Action item →
Copy out each line in the material below that has the word "White".

Records supplied →
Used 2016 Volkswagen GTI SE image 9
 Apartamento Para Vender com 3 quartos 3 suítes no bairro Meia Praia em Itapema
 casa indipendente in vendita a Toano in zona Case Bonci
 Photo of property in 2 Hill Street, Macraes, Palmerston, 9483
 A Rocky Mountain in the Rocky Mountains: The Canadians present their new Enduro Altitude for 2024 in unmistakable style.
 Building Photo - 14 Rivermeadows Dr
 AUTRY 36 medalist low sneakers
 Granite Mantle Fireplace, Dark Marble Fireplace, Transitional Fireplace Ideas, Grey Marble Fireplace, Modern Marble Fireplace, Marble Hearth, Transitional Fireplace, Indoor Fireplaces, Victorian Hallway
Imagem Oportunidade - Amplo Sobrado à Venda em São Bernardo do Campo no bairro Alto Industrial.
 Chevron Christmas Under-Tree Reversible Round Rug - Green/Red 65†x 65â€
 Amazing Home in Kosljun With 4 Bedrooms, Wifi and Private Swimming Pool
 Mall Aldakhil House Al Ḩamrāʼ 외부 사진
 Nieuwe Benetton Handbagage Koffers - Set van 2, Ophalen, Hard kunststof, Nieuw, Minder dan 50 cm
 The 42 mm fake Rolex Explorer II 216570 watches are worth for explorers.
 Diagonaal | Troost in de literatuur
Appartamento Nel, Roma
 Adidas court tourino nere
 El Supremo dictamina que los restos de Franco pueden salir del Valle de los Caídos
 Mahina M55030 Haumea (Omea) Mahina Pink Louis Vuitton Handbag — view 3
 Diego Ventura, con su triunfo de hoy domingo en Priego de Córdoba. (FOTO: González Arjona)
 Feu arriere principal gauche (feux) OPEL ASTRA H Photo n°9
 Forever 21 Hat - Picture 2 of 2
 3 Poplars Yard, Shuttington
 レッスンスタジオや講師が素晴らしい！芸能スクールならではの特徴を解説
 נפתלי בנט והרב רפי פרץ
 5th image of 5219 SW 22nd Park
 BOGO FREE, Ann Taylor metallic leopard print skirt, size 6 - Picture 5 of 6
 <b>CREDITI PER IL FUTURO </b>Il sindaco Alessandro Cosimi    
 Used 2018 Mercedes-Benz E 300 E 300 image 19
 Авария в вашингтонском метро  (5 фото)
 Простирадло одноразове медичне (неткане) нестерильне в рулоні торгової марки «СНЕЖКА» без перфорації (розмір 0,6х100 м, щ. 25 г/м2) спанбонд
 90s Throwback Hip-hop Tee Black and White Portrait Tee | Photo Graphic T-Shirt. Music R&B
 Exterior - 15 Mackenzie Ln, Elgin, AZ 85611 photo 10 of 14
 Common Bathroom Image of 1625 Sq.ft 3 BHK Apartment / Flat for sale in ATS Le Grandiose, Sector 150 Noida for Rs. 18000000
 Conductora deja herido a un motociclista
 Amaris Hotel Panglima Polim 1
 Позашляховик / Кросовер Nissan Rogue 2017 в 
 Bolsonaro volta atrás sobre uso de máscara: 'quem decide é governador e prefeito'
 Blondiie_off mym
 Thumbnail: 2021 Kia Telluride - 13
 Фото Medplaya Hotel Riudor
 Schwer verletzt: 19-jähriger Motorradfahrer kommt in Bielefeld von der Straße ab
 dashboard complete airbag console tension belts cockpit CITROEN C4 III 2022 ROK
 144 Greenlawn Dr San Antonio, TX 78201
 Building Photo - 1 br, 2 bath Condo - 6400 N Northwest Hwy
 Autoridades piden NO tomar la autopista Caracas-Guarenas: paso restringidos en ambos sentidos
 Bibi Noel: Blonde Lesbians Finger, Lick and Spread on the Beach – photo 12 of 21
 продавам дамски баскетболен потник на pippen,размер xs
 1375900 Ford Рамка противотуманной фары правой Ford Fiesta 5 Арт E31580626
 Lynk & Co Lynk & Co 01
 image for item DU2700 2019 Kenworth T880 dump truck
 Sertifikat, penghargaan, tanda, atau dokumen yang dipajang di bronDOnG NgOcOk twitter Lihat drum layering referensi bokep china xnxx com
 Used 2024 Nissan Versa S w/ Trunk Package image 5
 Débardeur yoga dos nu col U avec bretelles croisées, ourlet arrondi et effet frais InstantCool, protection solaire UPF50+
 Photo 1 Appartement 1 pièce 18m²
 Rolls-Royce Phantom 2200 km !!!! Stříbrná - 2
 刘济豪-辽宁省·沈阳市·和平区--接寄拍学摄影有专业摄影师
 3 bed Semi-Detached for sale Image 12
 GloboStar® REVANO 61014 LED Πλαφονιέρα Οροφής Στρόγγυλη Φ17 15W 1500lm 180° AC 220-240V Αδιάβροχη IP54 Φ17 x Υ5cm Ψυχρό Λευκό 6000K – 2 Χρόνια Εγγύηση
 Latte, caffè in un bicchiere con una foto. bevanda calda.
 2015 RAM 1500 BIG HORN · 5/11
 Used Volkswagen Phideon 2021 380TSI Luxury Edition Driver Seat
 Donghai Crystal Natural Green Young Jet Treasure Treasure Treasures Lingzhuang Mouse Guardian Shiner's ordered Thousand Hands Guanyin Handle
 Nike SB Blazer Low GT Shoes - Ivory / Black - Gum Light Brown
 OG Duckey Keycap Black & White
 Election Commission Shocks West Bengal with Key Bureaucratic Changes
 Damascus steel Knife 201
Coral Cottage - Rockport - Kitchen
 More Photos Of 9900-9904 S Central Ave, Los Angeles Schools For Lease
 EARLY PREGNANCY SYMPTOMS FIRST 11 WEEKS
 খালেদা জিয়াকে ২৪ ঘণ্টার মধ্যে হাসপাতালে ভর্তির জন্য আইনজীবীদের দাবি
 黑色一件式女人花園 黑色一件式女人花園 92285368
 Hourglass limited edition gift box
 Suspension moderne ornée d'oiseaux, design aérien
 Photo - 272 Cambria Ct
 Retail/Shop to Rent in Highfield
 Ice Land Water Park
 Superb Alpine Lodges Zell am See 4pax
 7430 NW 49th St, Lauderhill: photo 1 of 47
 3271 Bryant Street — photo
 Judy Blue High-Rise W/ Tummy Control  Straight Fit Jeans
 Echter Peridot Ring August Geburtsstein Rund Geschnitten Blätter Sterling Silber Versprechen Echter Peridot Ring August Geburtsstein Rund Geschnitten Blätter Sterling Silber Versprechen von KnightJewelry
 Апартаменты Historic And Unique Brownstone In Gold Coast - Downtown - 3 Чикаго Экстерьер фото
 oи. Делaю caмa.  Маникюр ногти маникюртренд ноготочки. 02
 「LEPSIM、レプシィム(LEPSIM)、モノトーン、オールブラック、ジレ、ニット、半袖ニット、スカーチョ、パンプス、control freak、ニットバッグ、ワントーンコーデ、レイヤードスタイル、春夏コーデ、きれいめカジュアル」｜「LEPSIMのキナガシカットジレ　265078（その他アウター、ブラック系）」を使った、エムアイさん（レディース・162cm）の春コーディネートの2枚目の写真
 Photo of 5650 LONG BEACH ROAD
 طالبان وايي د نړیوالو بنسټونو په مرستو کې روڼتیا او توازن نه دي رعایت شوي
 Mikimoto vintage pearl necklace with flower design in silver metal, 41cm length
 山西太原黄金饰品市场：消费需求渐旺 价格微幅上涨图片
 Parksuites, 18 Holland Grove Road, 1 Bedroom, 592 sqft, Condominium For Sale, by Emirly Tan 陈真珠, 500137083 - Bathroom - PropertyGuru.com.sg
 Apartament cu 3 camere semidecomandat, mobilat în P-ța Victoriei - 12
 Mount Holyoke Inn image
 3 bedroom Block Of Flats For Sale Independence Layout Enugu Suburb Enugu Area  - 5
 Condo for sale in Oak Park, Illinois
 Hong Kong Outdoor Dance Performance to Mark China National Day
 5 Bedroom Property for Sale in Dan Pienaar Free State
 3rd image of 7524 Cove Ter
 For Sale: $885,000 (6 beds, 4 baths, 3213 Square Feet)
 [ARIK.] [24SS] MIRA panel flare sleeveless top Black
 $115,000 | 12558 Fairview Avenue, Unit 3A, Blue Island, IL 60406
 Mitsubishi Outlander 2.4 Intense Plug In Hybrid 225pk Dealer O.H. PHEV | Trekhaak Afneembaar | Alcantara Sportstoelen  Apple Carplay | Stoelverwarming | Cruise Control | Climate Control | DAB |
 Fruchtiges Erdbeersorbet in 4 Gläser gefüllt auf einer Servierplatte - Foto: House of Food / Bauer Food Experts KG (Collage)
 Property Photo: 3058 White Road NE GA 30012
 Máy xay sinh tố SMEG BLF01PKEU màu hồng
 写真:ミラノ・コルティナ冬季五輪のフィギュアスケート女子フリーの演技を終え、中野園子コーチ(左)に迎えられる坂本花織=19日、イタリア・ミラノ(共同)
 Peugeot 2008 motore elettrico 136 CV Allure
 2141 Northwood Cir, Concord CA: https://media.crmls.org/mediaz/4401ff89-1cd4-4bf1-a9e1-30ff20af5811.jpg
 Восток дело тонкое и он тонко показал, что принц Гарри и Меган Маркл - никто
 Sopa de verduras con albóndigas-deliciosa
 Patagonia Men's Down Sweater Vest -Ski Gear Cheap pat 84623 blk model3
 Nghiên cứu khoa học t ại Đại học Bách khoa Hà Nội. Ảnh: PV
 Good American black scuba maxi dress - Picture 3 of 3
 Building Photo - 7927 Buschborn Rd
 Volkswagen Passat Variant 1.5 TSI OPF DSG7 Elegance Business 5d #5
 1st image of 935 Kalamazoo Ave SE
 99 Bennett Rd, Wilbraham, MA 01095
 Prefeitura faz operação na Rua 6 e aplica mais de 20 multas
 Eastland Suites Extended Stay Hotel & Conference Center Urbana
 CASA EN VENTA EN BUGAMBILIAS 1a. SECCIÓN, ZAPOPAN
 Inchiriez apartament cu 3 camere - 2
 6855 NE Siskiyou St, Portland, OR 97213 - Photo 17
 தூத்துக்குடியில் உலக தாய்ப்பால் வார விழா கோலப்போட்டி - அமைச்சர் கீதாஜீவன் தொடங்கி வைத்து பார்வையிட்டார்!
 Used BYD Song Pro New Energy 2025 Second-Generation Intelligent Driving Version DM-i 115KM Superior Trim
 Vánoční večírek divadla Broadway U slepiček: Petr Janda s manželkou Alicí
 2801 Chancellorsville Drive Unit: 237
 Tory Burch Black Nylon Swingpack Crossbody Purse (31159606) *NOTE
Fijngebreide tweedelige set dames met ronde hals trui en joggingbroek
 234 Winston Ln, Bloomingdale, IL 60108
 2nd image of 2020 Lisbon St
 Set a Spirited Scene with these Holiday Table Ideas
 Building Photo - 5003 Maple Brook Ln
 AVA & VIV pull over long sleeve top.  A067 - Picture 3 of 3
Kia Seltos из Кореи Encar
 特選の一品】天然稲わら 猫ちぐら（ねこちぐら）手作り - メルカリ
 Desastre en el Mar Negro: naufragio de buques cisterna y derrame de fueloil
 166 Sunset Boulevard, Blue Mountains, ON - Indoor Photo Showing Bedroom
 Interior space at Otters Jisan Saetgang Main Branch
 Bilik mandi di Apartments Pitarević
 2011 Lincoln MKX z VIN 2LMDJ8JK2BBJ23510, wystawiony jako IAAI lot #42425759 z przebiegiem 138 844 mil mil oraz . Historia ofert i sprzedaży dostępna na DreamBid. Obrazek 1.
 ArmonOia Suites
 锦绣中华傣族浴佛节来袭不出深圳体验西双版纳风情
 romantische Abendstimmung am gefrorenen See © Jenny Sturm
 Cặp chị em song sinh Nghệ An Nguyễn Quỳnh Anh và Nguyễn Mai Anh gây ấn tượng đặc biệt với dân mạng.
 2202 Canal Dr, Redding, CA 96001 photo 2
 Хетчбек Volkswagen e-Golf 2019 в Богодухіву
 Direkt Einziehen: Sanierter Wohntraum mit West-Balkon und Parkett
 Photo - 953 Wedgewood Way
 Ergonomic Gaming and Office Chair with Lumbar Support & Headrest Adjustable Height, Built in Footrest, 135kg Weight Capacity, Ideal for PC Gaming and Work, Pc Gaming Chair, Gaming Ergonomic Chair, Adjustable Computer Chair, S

Response to the exercise →
 90s Throwback Hip-hop Tee Black and White Portrait Tee | Photo Graphic T-Shirt. Music R&B
 OG Duckey Keycap Black & White
 Property Photo: 3058 White Road NE GA 30012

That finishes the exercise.